• Problem requirements
Give the listing again in full and exactly, apart from its pictures.

• Input data
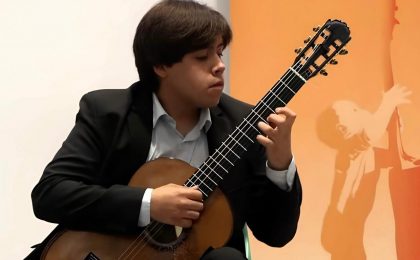 Destaca Axel Centeno en concursos de guitarra de España y Michoacán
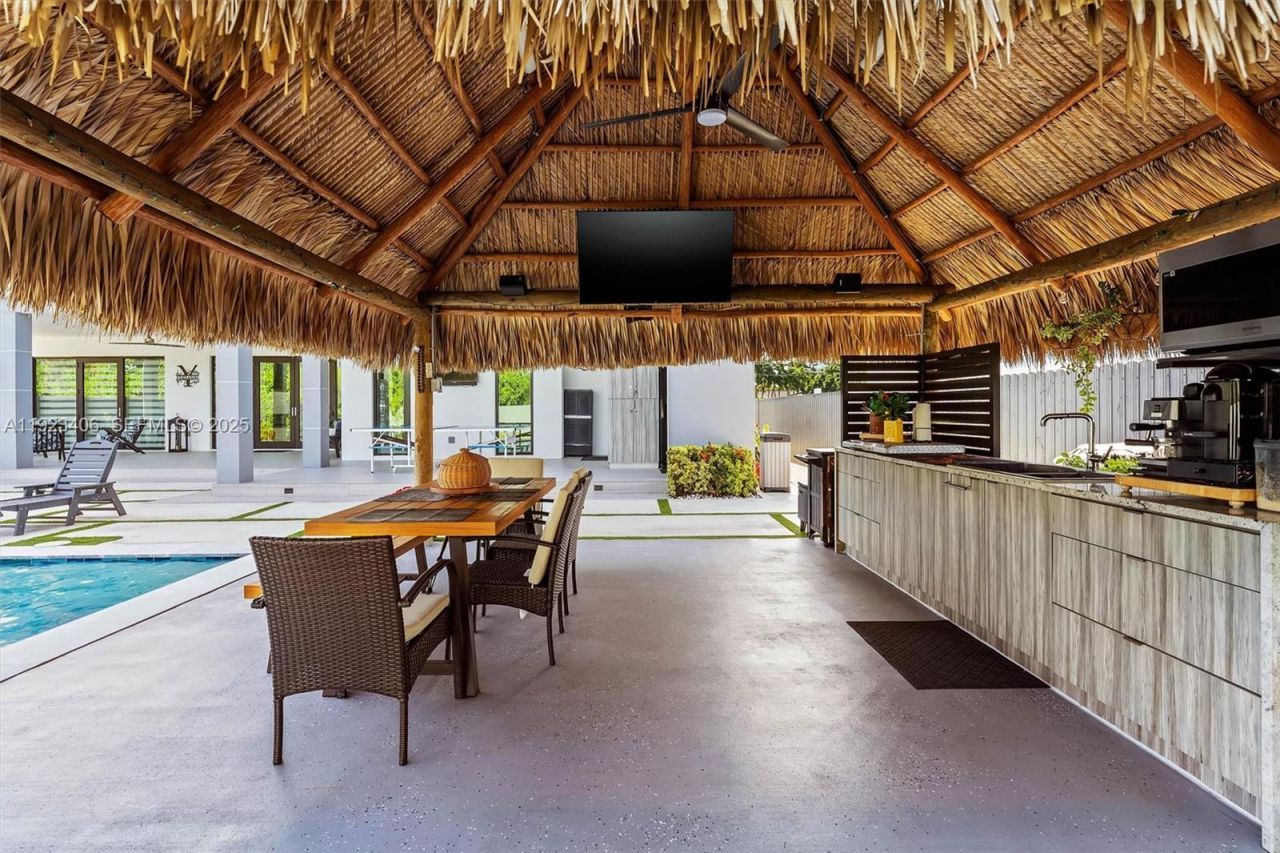 81 S Royal Poinciana Blvd, Miami Springs, FL 33166 Photo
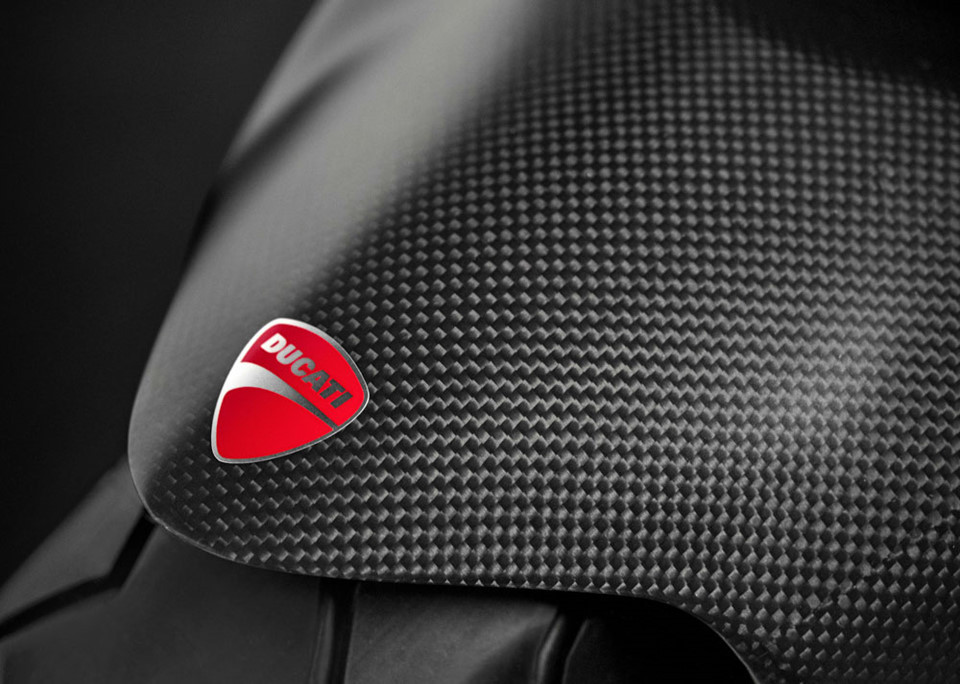 Phiên bản Ducati Monster 1200 25° Anniversario đặc trưng bởi màu sắc lá cờ Italy xuất hiện mọi nơi, trên chắn bùn trước, bình nhiên liệu và cả chỗ ngồi phía sau, lấy cảm hứng từ chiếc Monster S4RS Testastretta Tricolore 2008. Logo kỷ niệm 25 năm cũng được thêu lên yên xe.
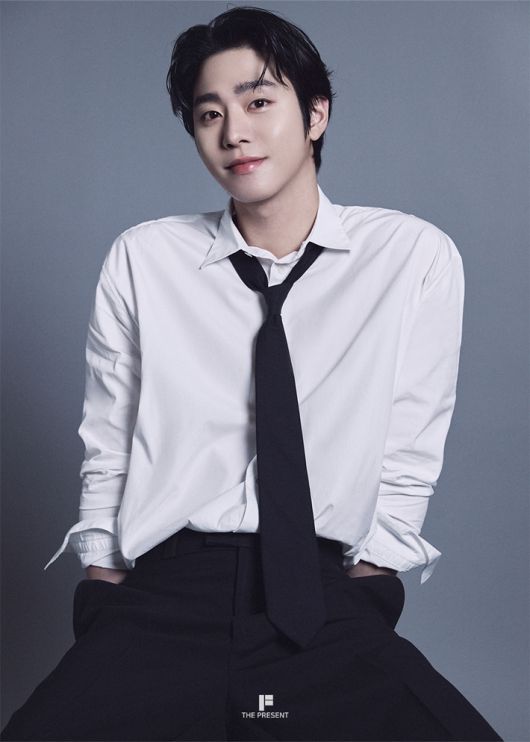 지난 20일 전 세계에 공개된 넷플릭스 애니메이션 '케이팝 데몬 헌터스'에서 진우 역을 연기한 배우 안효섭. 더프레젠트컴퍼니 제공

• Solution to this task
 Destaca Axel Centeno en concursos de guitarra de España y Michoacán
 81 S Royal Poinciana Blvd, Miami Springs, FL 33166 Photo
 Phiên bản Ducati Monster 1200 25° Anniversario đặc trưng bởi màu sắc lá cờ Italy xuất hiện mọi nơi, trên chắn bùn trước, bình nhiên liệu và cả chỗ ngồi phía sau, lấy cảm hứng từ chiếc Monster S4RS Testastretta Tricolore 2008. Logo kỷ niệm 25 năm cũng được thêu lên yên xe.
 지난 20일 전 세계에 공개된 넷플릭스 애니메이션 '케이팝 데몬 헌터스'에서 진우 역을 연기한 배우 안효섭. 더프레젠트컴퍼니 제공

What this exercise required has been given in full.